Repeat every record below exactly, omitting any pictures.
----- STORED DATA -----
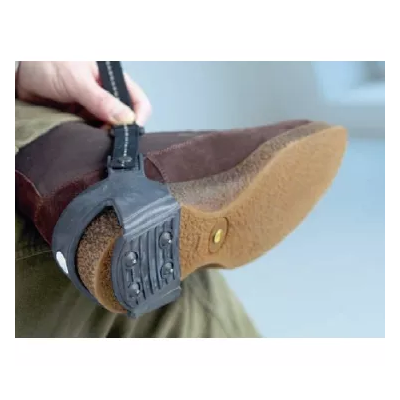 Springyard Icey Safety halkskydd med fyra hårdmetalldubbar och inbyggda reflexer, perfekt för isiga underlag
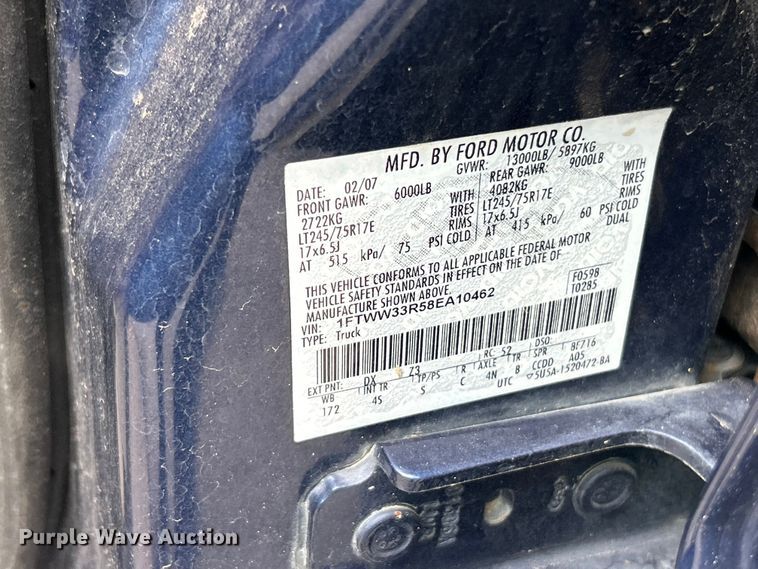 image for item FC5499 2008 Ford F350 Super Duty Crew Cab pickup truck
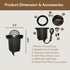 Ironsmith Foundary Series™ Half Moon In-Ground Landscape Lights Housing - Wall Lights
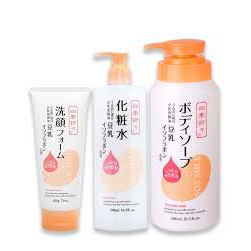 ✨Hàng nhật✨ 3 sản phẩm sữa rửa mặt/sữa tắm/lotion đậu nành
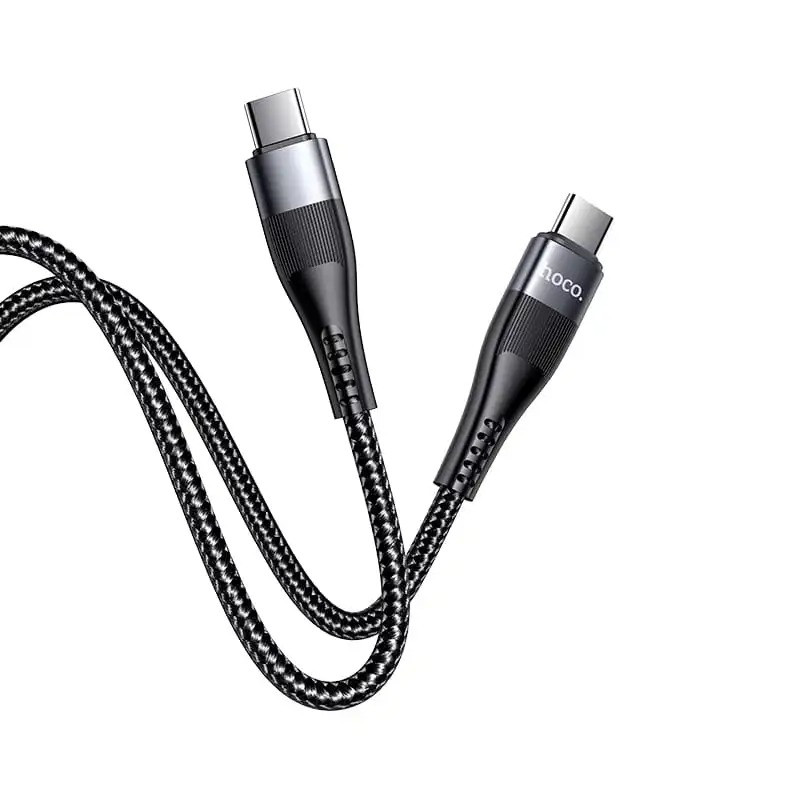 USB Кабель HOCO U99 Магнітний Type-C - Type-C 100W/2М 22pc Чорний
-----
### SOLVED PROBLEM:
 Springyard Icey Safety halkskydd med fyra hårdmetalldubbar och inbyggda reflexer, perfekt för isiga underlag
 image for item FC5499 2008 Ford F350 Super Duty Crew Cab pickup truck
 Ironsmith Foundary Series™ Half Moon In-Ground Landscape Lights Housing - Wall Lights
 ✨Hàng nhật✨ 3 sản phẩm sữa rửa mặt/sữa tắm/lotion đậu nành
 USB Кабель HOCO U99 Магнітний Type-C - Type-C 100W/2М 22pc Чорний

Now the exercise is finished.